• **Problem**
Once the line holding "How To Remove" is written out, stop; begin at the first line of the material below and retype exactly, dropping pictures.
═════ Exercise input
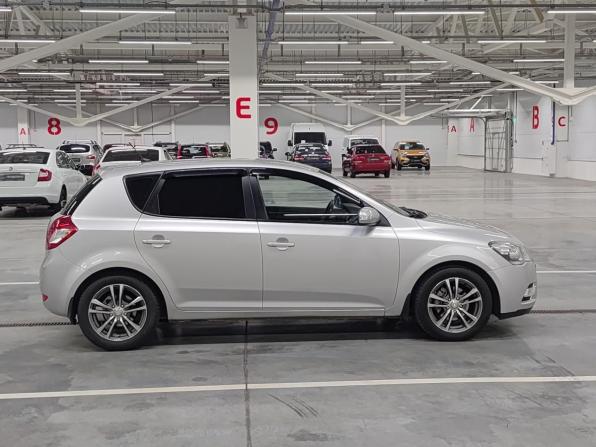 Kia Ceed I Рестайлинг с пробегом 2011 года, цена 690 000 рублей, 250980 км, хэтчбек, Автокод Объявления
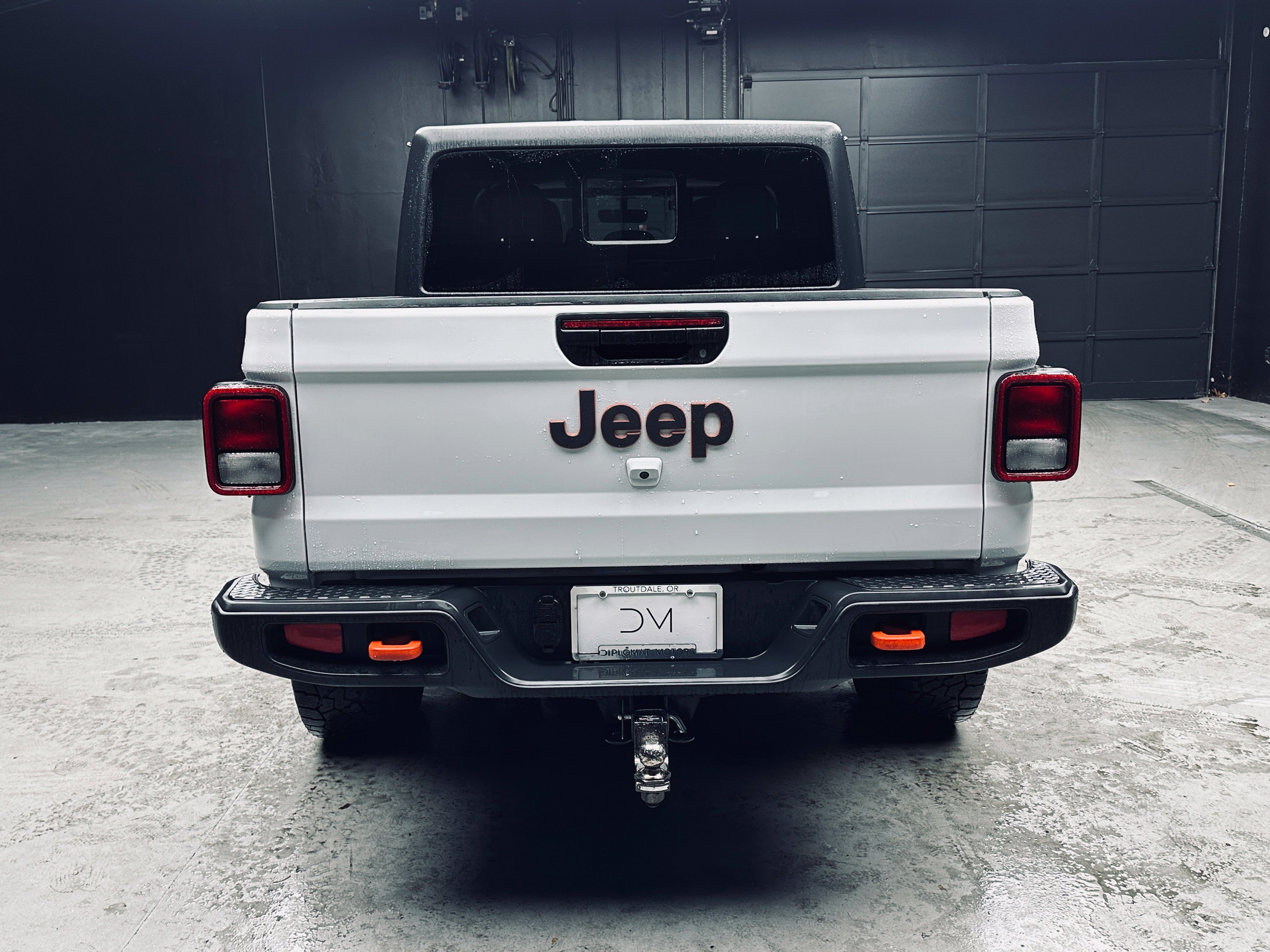 Used 2023 Jeep Gladiator Mojave w/ Cold Weather Group AWD/4WD image 5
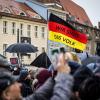 «Wir sind das Volk» steht auf einer schwarz-rot-goldenen Fahne bei einer Kundgebung auf dem Altmarkt.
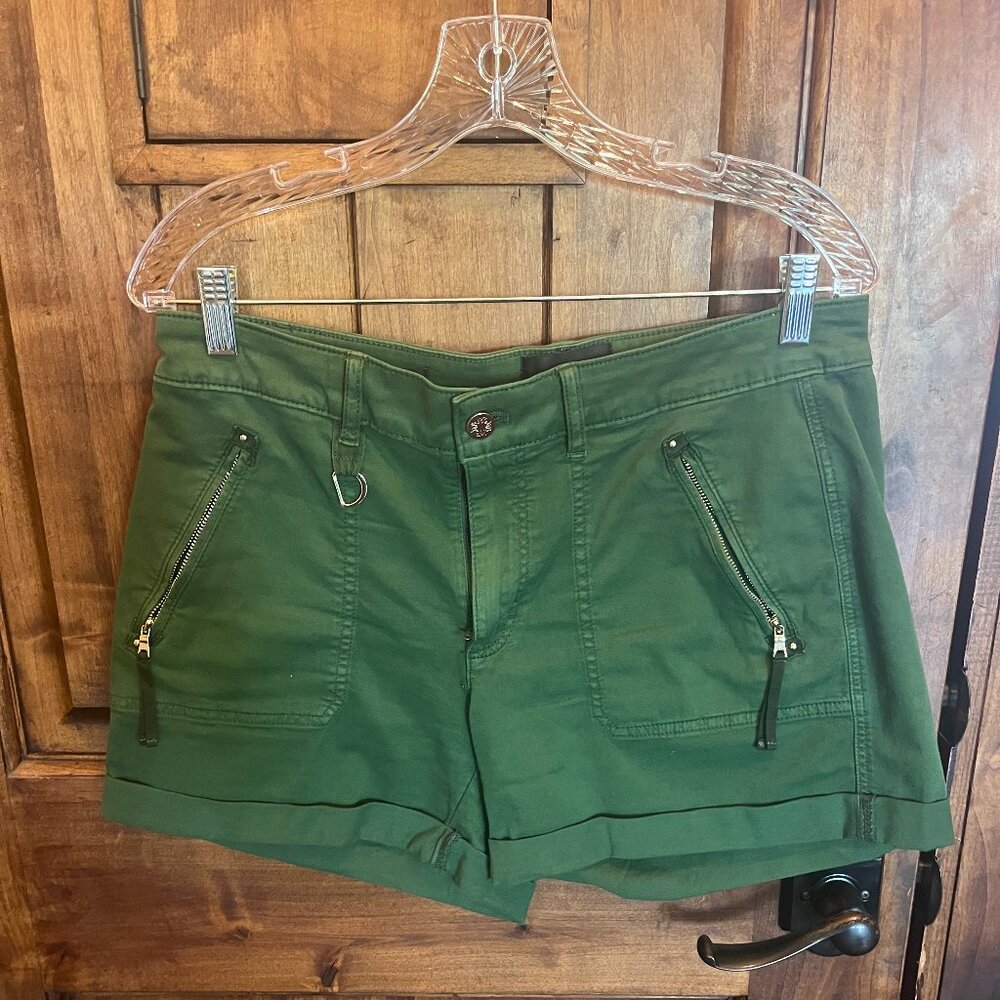 White House Black Market (WHBM) Pret-a-Play Mid-rise Green Shorts 8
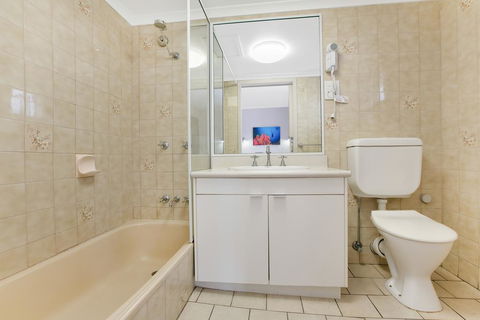 Comfort Inn Cairns City - Your Accommodation 3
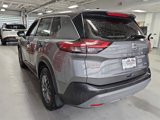 Used 2022 Nissan Rogue S image 4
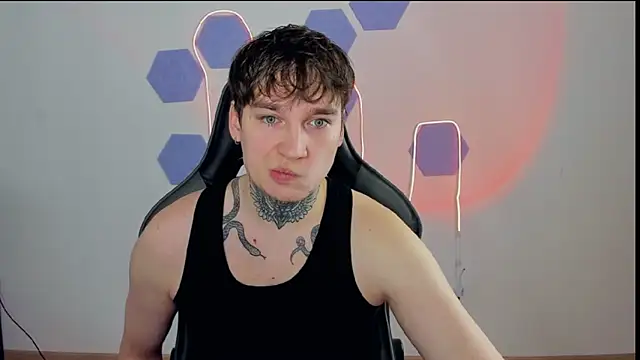 Chris Tyson online show from 12-04-24, 06:22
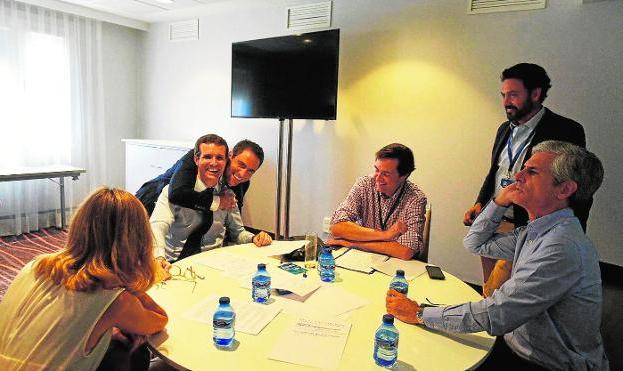 «Me puse al lado de Pablo Casado porque es una buena persona»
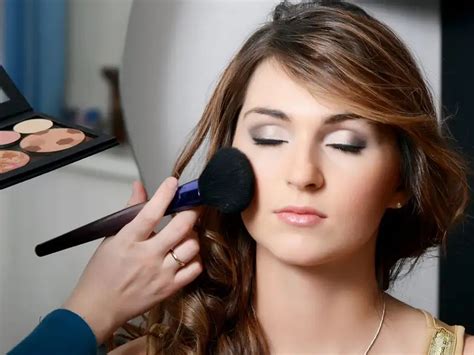 How To Remove Your Makeup Properly Saubhaya Makeup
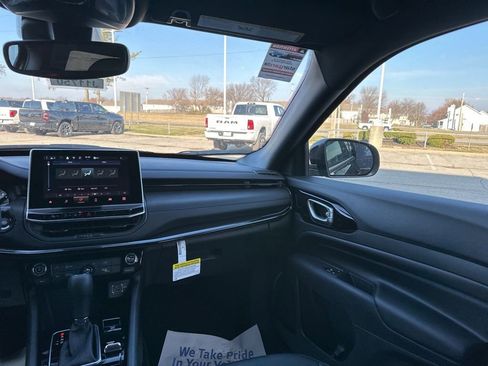 New 2026 Jeep Compass Latitude image 51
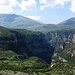Kendervices, und die tiefen Canyons, gesehen von dem Progonat Plateau. Kendervices 2120 Meter, Prominenz 1666 Meter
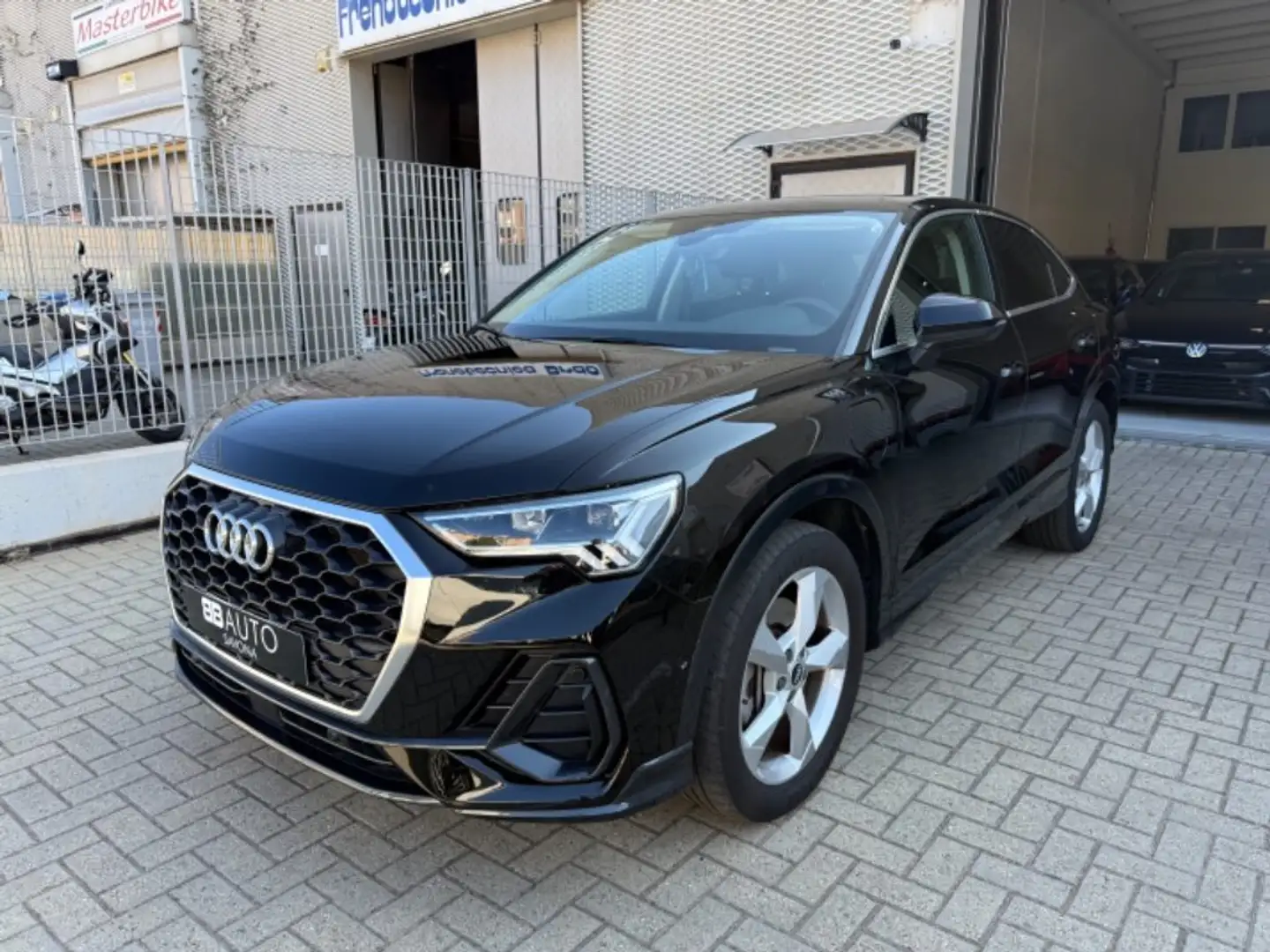 Audi Q3 45 TFSI e S tronic FRECCE DINAMICHE BAULE ELETTRIC Nero - 2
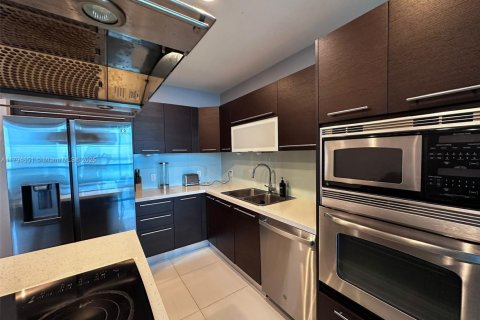 Condominio en alquiler en North Bay Village, Florida, 1 dormitorio, 78.04 m2 № 2054864 - foto 12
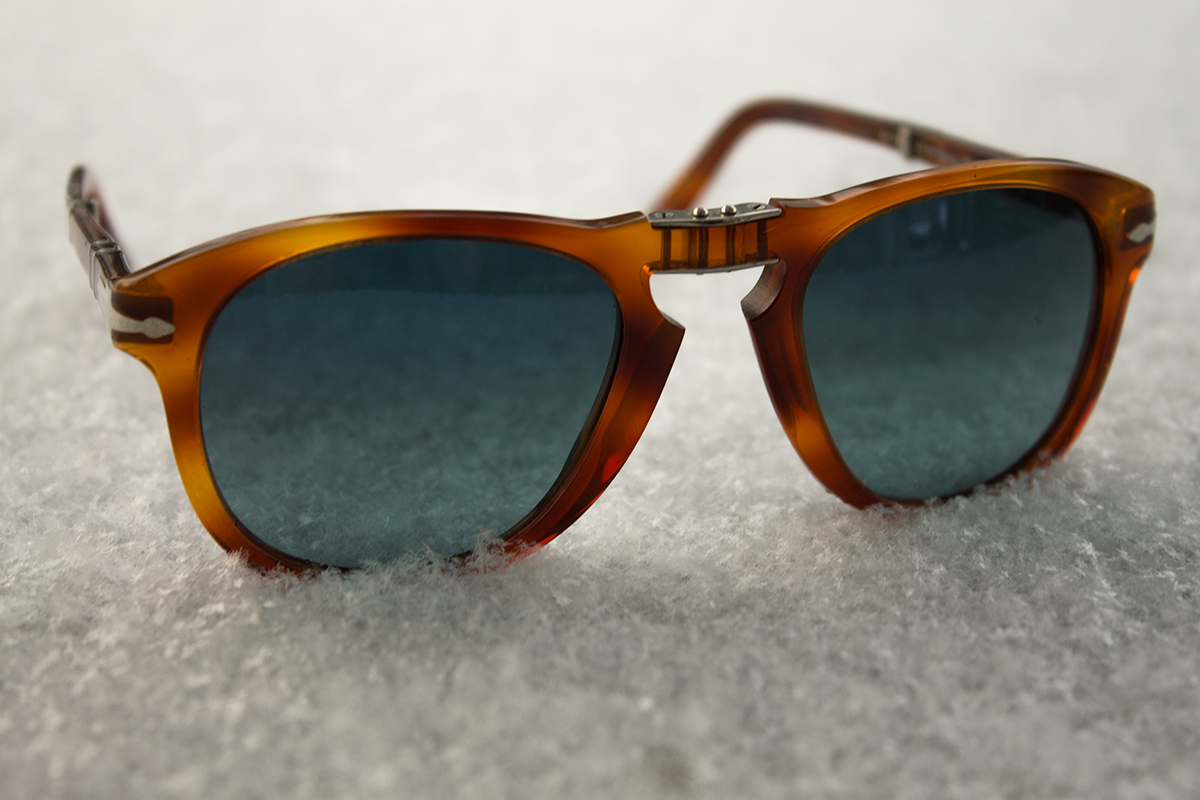 Persol 714, den hopfällbara solglasögonmodellen känd från Steve McQueen, med sköldpaddsmönstrad båge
══════════
• **Answer space**
 Kia Ceed I Рестайлинг с пробегом 2011 года, цена 690 000 рублей, 250980 км, хэтчбек, Автокод Объявления
 Used 2023 Jeep Gladiator Mojave w/ Cold Weather Group AWD/4WD image 5
 «Wir sind das Volk» steht auf einer schwarz-rot-goldenen Fahne bei einer Kundgebung auf dem Altmarkt.
 White House Black Market (WHBM) Pret-a-Play Mid-rise Green Shorts 8
 Comfort Inn Cairns City - Your Accommodation 3
 Used 2022 Nissan Rogue S image 4
 Chris Tyson online show from 12-04-24, 06:22
 «Me puse al lado de Pablo Casado porque es una buena persona»
 How To Remove Your Makeup Properly Saubhaya Makeup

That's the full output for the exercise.